Requirement: A word-for-word copy of the entries is the goal; leave out the pictures.

Data for review:

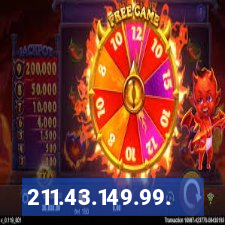 211.43.149.99.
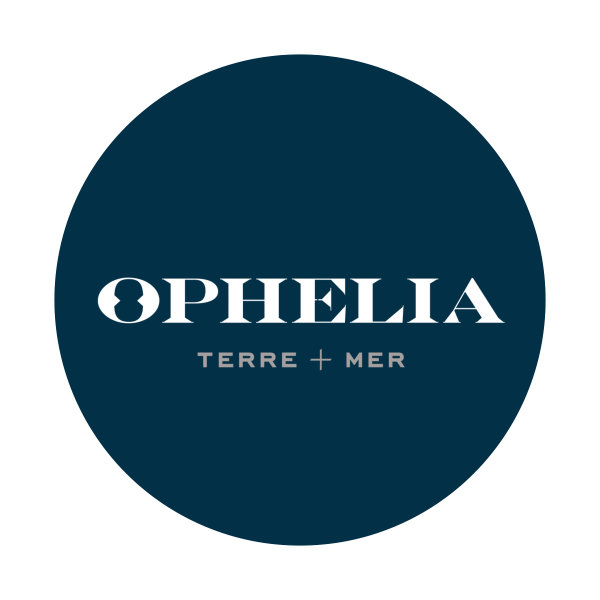 Québec Table Gourmande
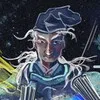 Блокнот юного оммёдзи banner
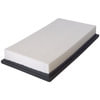 Denso 143-3338 Engine Air Filter Air Filter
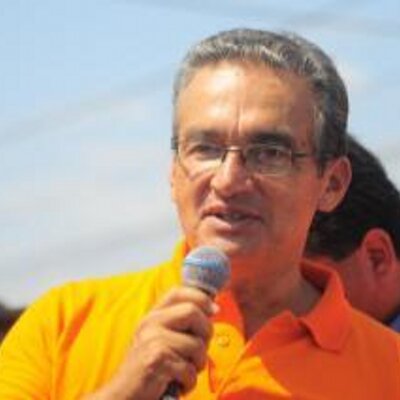 A_Aguinaga's profile picture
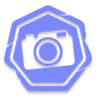 Heroic member Trophy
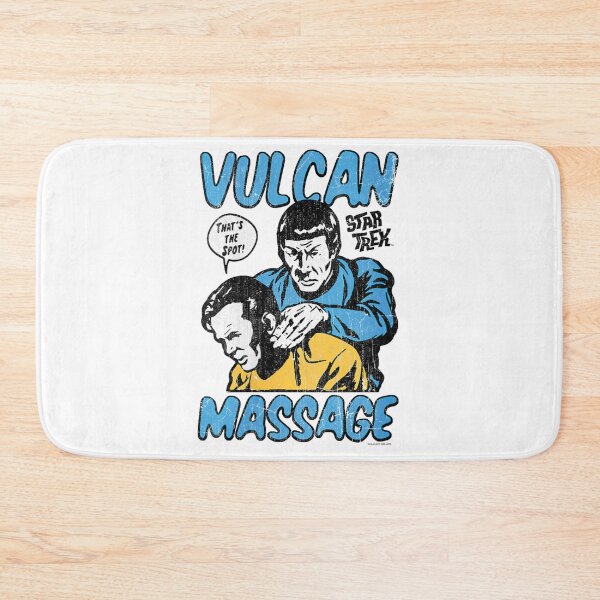 Item preview, Massage designed and sold by TiaraHans.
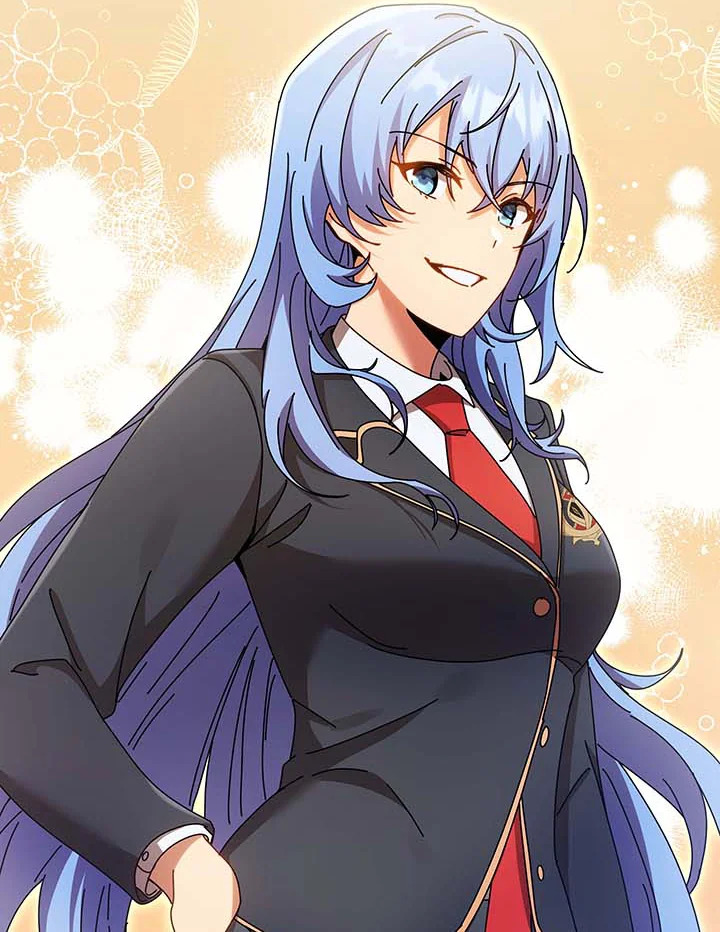 Necromancer Academy’s Genius Summoner ตอนที่ 61 แปลไทย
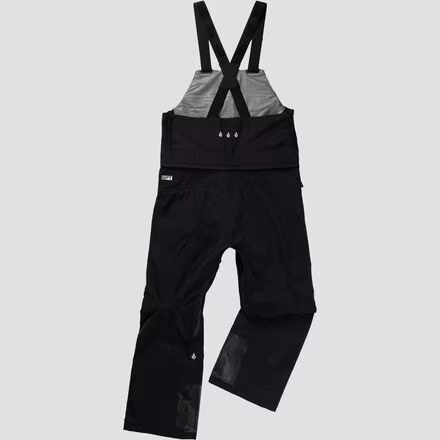 3L GORE-TEX Bib Overhauler - Men's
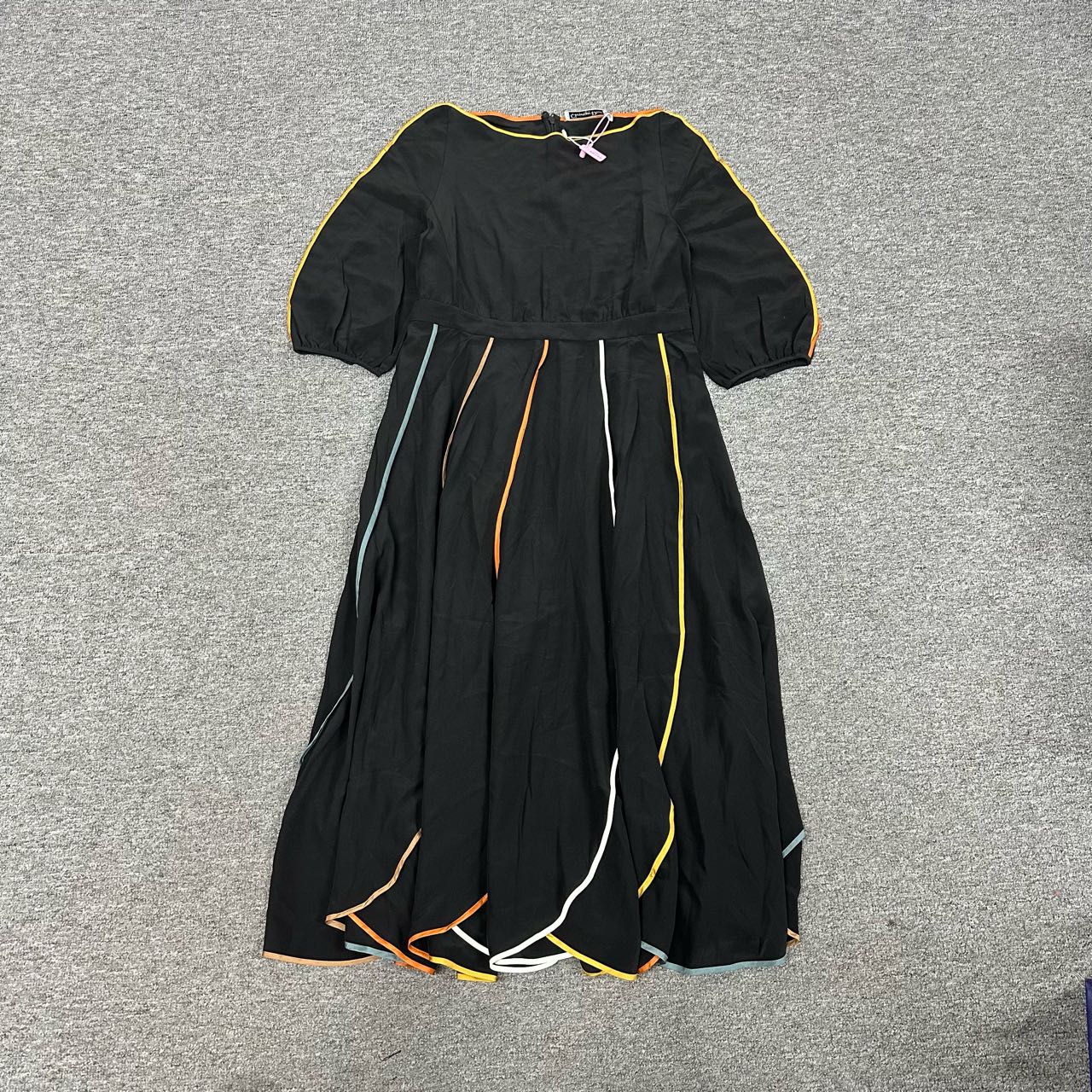 99新 DIOR/迪奥 Dior 连衣裙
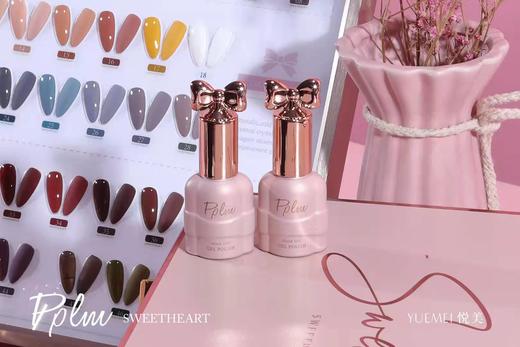 甜心48色套装 商品图3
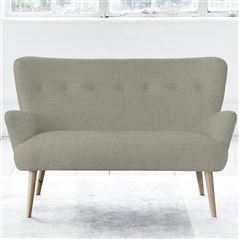 Florence Sofa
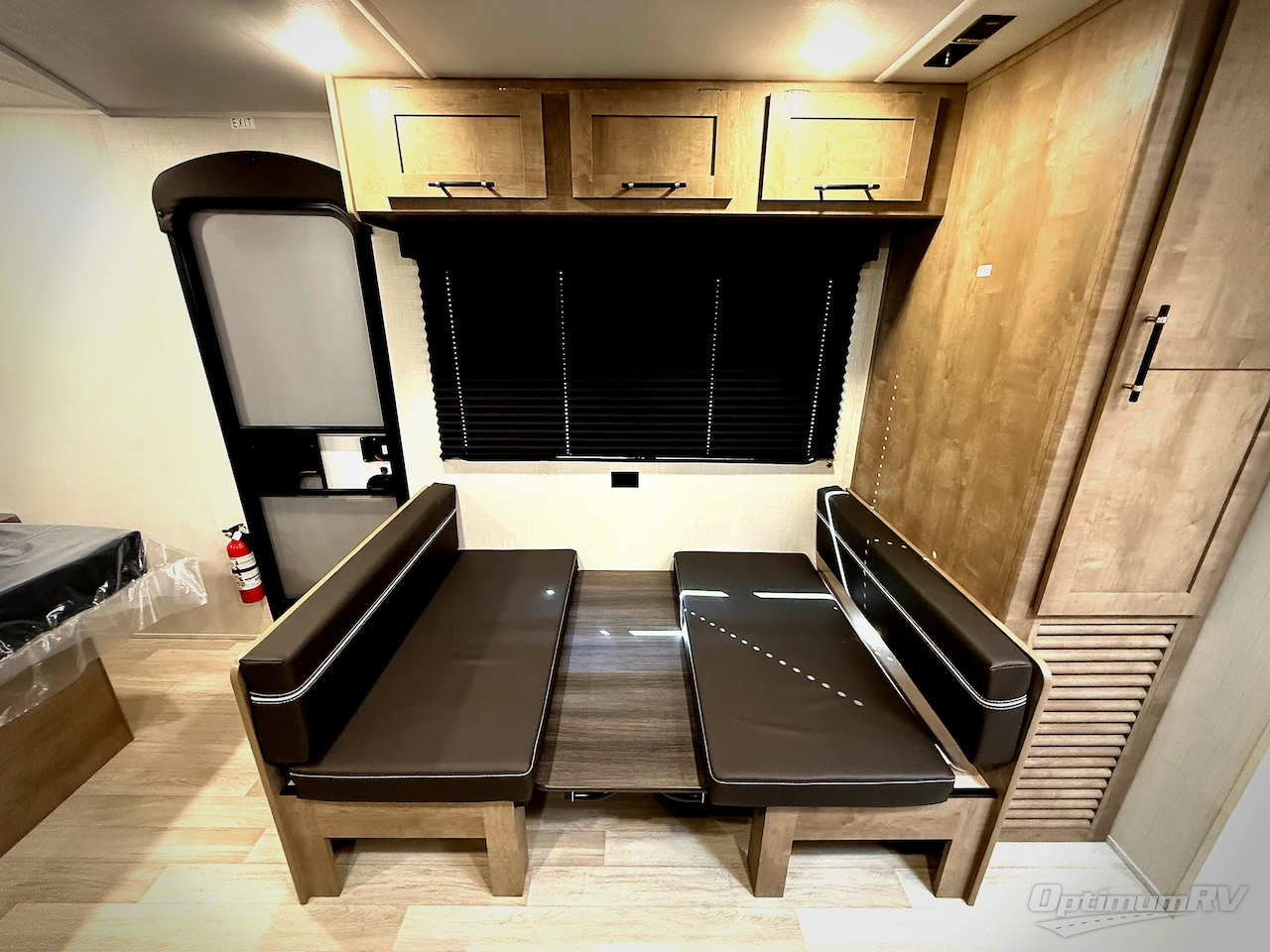 2026 Keystone Springdale Classic 224MLC Photo 8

Reply to the exercise:
 211.43.149.99.
 Québec Table Gourmande
 Блокнот юного оммёдзи banner
 Denso 143-3338 Engine Air Filter Air Filter
 A_Aguinaga's profile picture
 Heroic member Trophy
 Item preview, Massage designed and sold by TiaraHans.
 Necromancer Academy’s Genius Summoner ตอนที่ 61 แปลไทย
 3L GORE-TEX Bib Overhauler - Men's
 99新 DIOR/迪奥 Dior 连衣裙
 甜心48色套装 商品图3
 Florence Sofa
 2026 Keystone Springdale Classic 224MLC Photo 8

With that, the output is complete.